In the records below, find the line with "Ante comentarios ordinarios", then retype it and every following line exactly, stopping after the line with "Die Approximationseigenschaft Lokaler Ringe". Leave the pictures out.

[Material to process]
------------------------------------------------------------------------

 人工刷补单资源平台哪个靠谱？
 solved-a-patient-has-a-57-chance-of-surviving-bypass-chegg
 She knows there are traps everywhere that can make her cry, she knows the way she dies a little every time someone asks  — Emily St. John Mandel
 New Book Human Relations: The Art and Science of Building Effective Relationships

------------------------------------------------------------------------

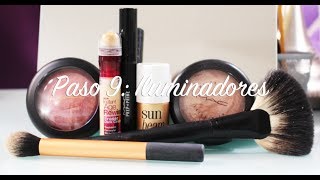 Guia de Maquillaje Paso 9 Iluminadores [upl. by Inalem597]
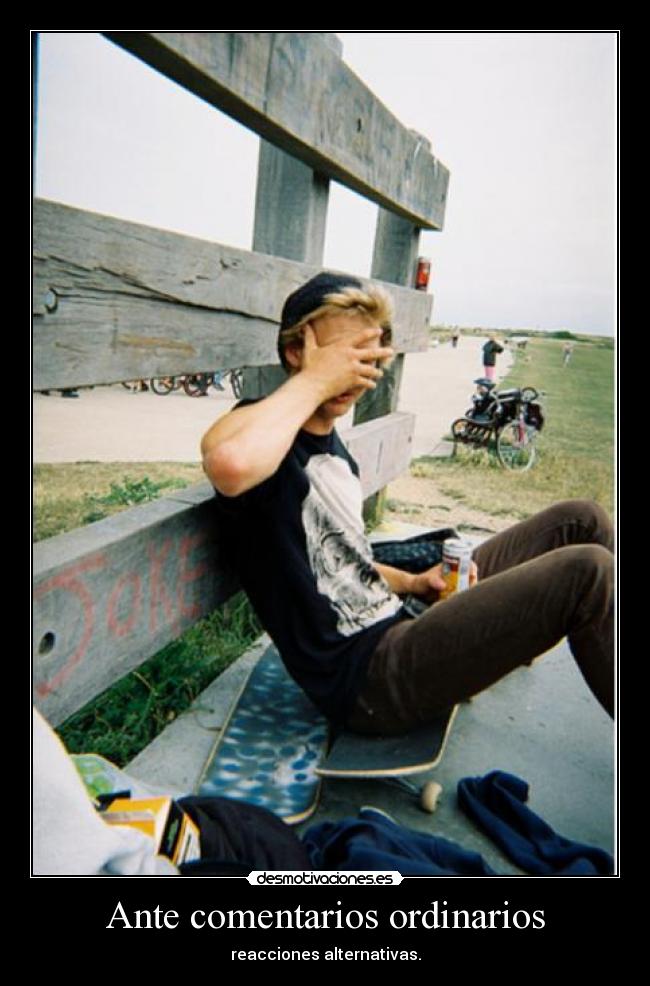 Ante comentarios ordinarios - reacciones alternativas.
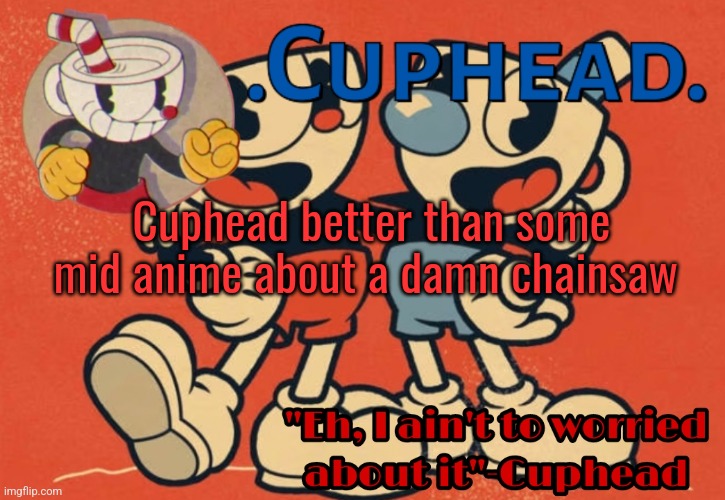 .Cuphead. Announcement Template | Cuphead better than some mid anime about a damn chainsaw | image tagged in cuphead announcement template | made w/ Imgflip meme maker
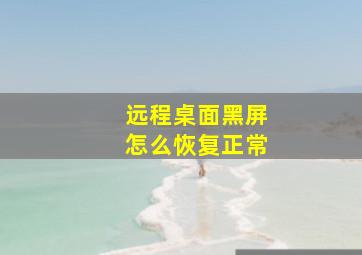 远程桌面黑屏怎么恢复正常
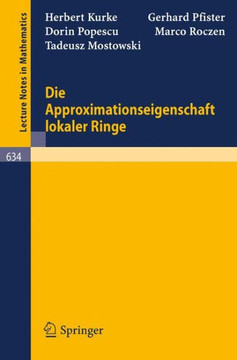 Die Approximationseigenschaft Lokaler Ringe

------------------------------------------------------------------------

[Solution to this exercise]
 Ante comentarios ordinarios - reacciones alternativas.
 .Cuphead. Announcement Template | Cuphead better than some mid anime about a damn chainsaw | image tagged in cuphead announcement template | made w/ Imgflip meme maker
 远程桌面黑屏怎么恢复正常
 Die Approximationseigenschaft Lokaler Ringe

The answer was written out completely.